Work required: For this exercise, retype the lines from the one that holds "2025年廣州函授大專報名資格最新審核標準思維導圖" through the one that holds "Model komunikacji" in the records below, both included, exactly and without pictures.

Data to process:

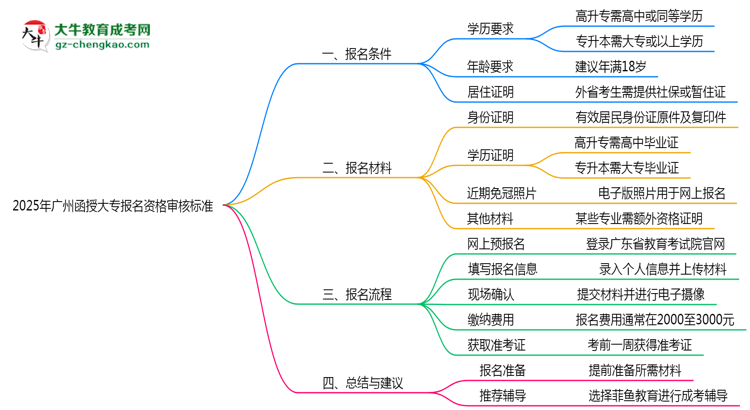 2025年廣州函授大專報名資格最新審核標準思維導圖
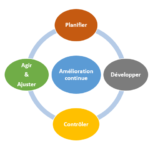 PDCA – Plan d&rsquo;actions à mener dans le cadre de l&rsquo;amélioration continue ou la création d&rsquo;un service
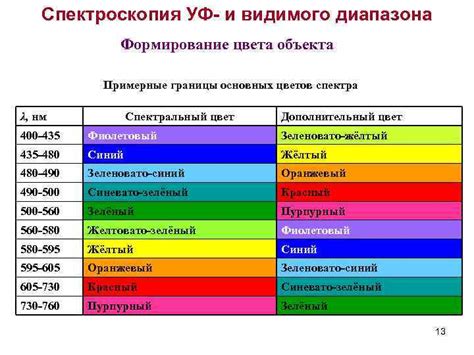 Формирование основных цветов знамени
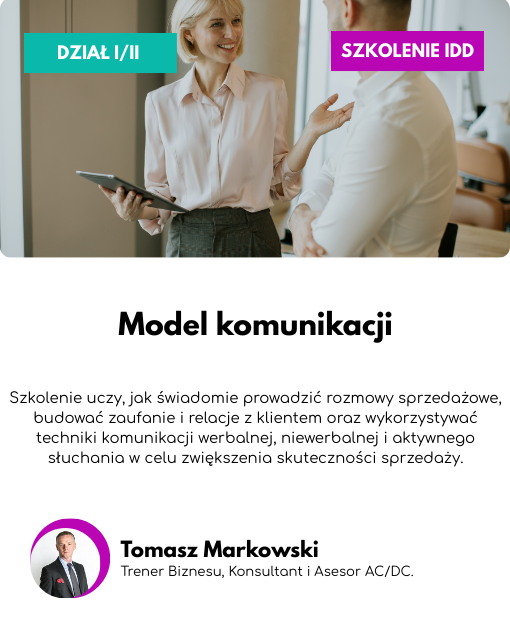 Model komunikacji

==

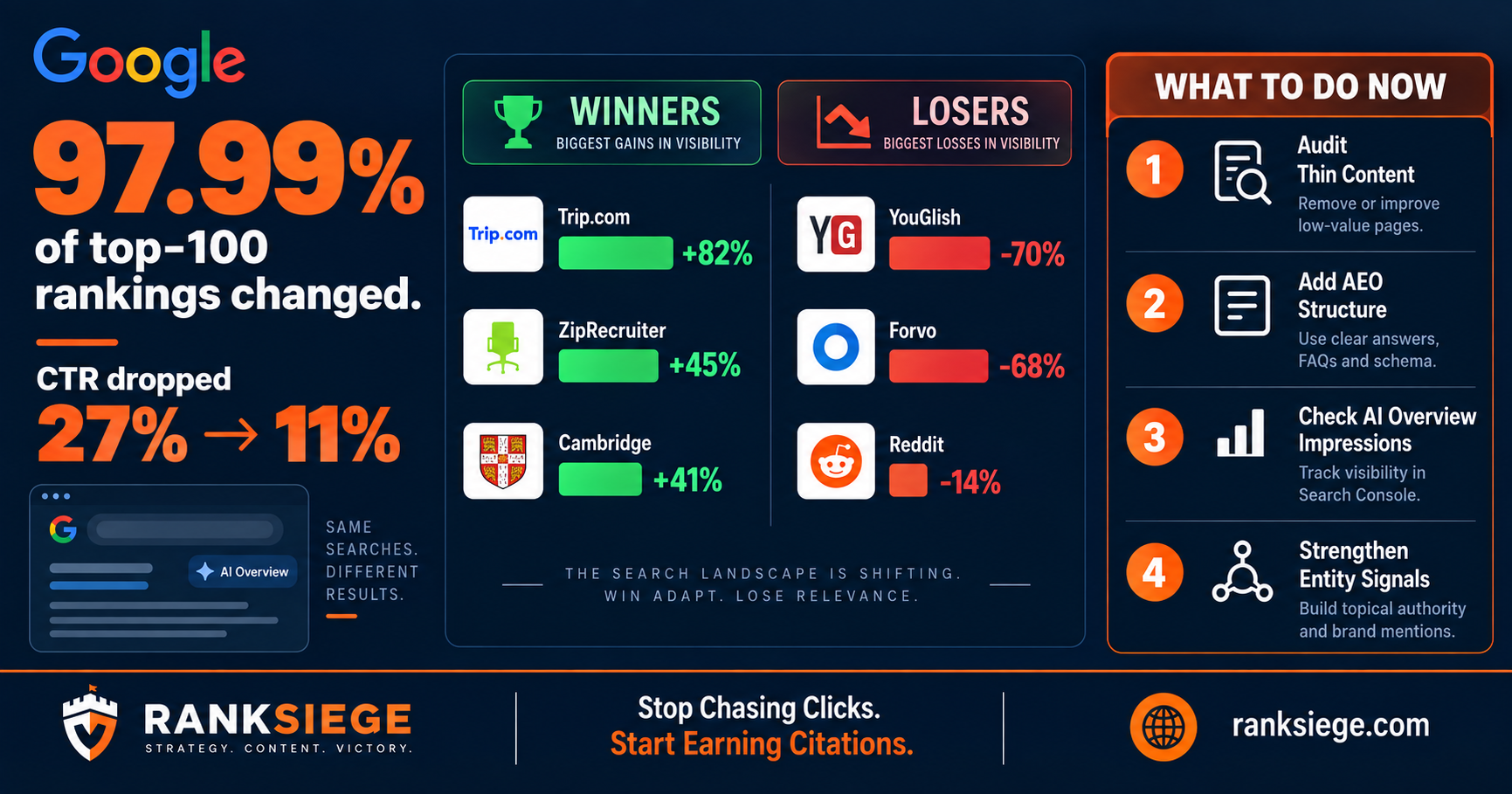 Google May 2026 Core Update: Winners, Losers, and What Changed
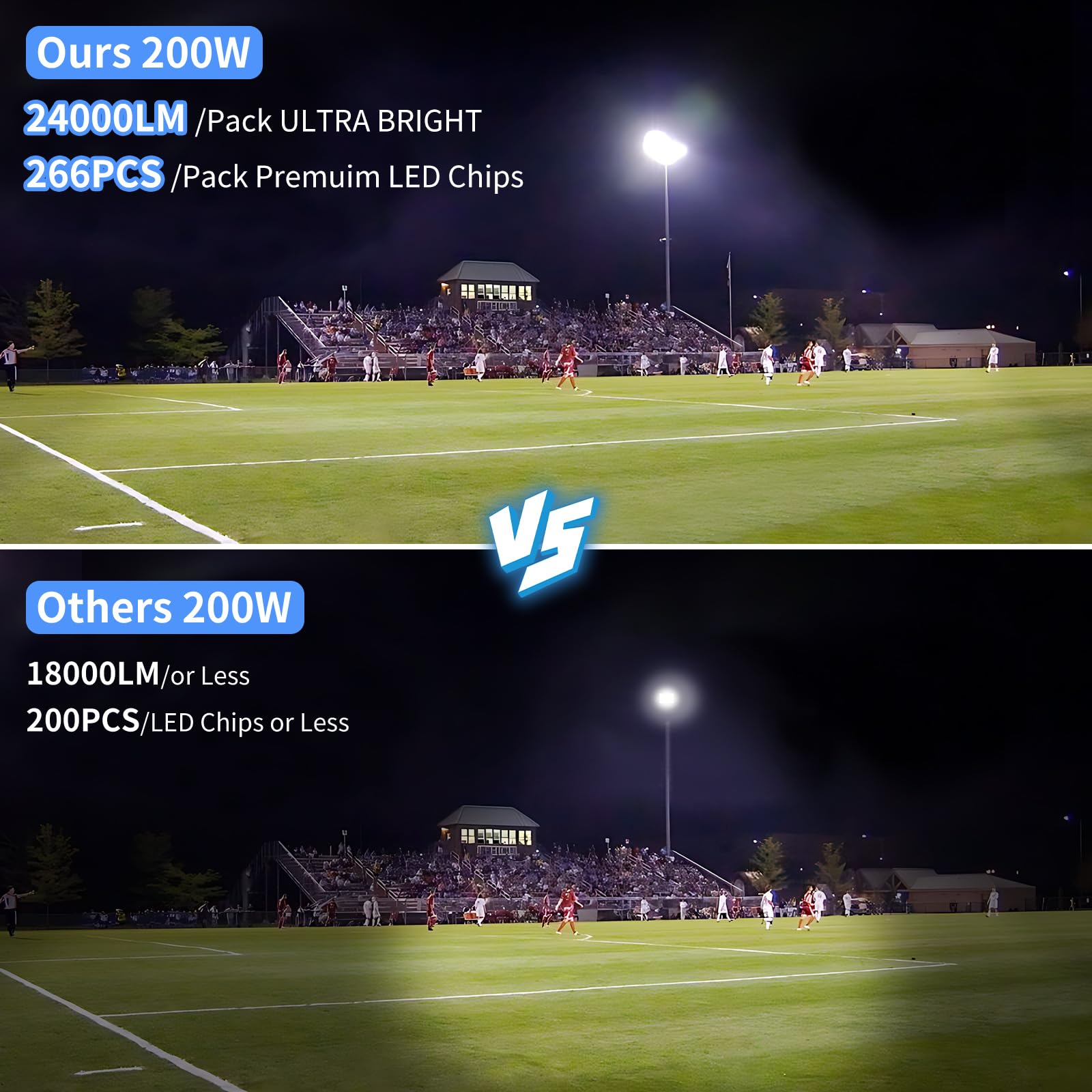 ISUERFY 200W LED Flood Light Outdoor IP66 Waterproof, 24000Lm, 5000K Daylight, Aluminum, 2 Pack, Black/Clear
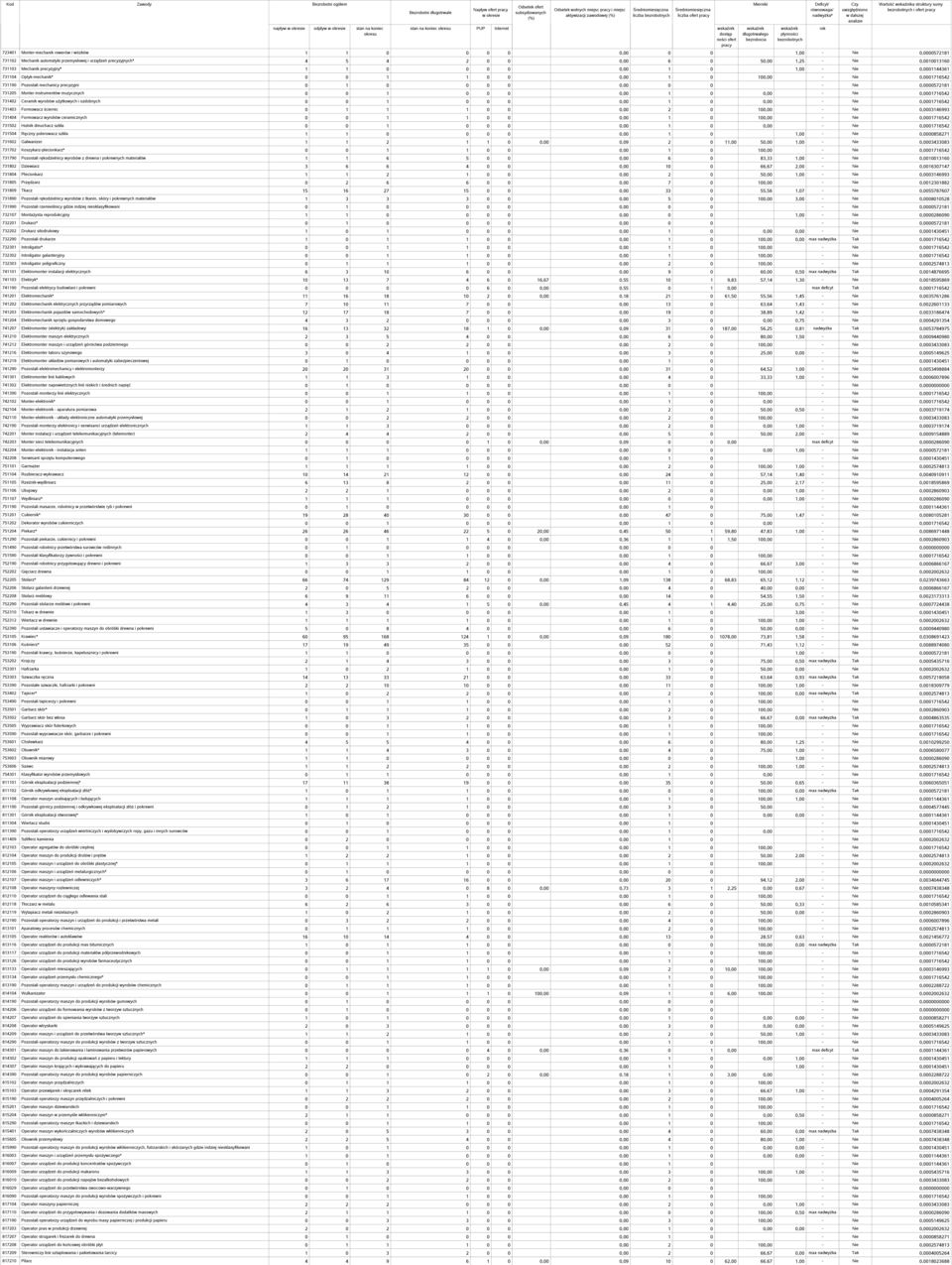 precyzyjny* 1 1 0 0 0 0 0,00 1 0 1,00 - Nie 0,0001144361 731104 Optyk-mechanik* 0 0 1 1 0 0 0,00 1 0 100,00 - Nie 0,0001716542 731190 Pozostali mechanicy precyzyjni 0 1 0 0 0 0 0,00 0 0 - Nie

* * *

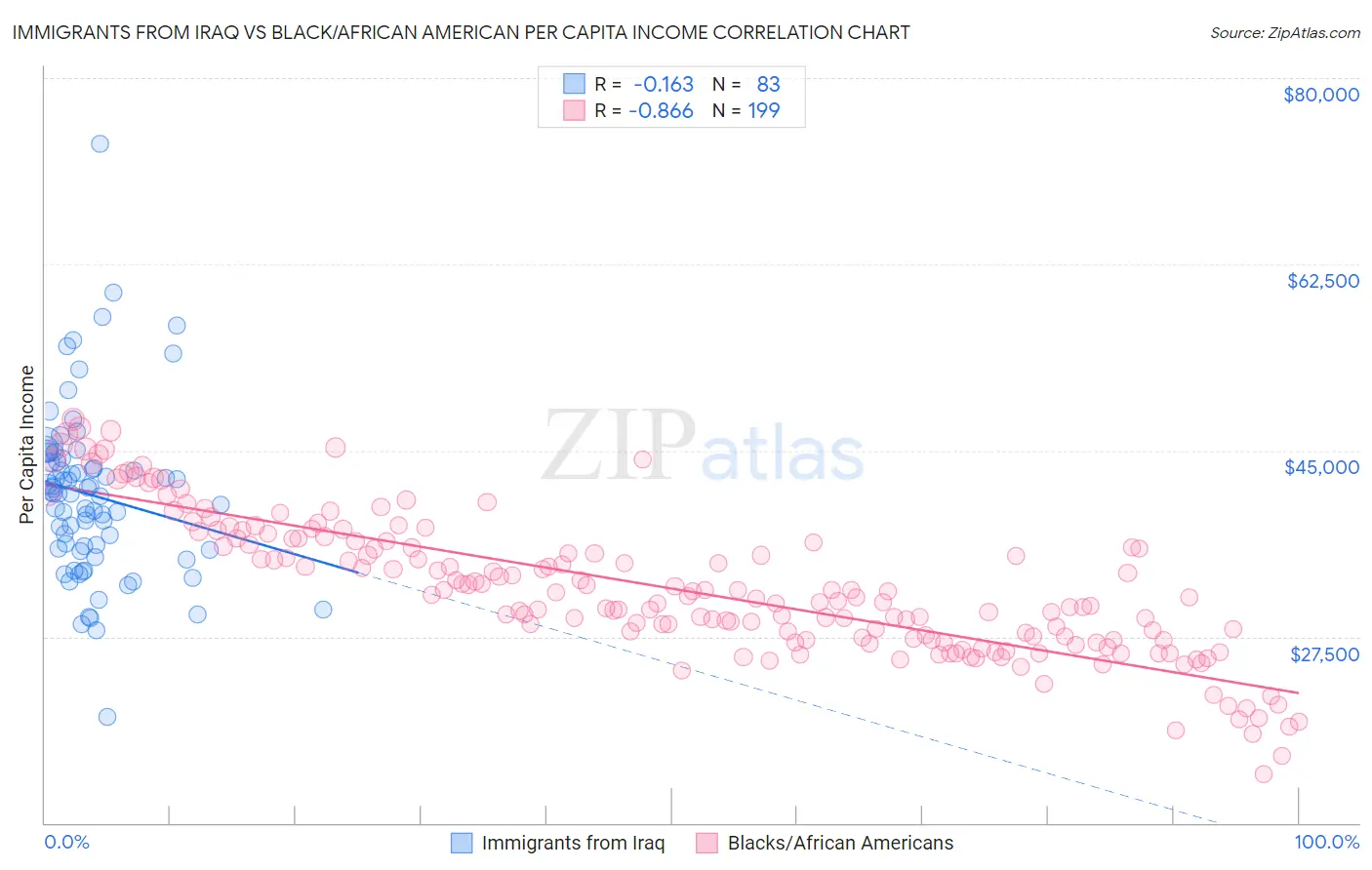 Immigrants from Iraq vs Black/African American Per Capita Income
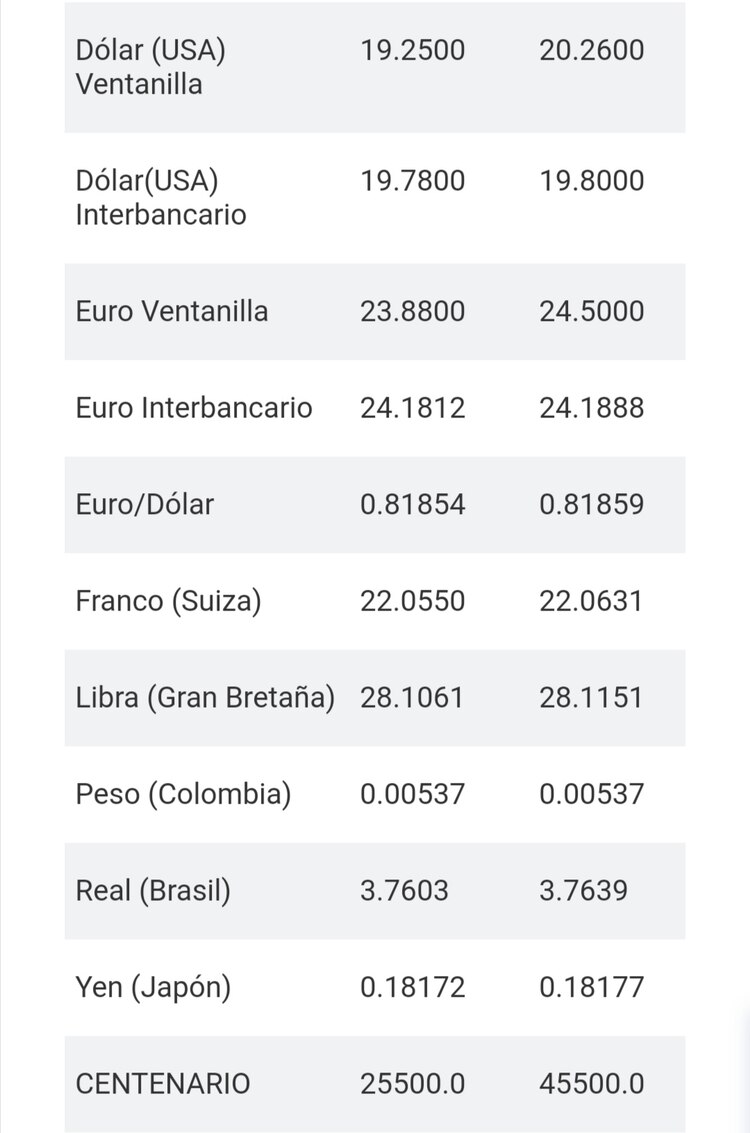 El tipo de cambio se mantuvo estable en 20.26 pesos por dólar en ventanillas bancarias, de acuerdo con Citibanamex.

Solution to the exercise:
 2025年廣州函授大專報名資格最新審核標準思維導圖
 PDCA – Plan d&rsquo;actions à mener dans le cadre de l&rsquo;amélioration continue ou la création d&rsquo;un service
 Формирование основных цветов знамени
 Model komunikacji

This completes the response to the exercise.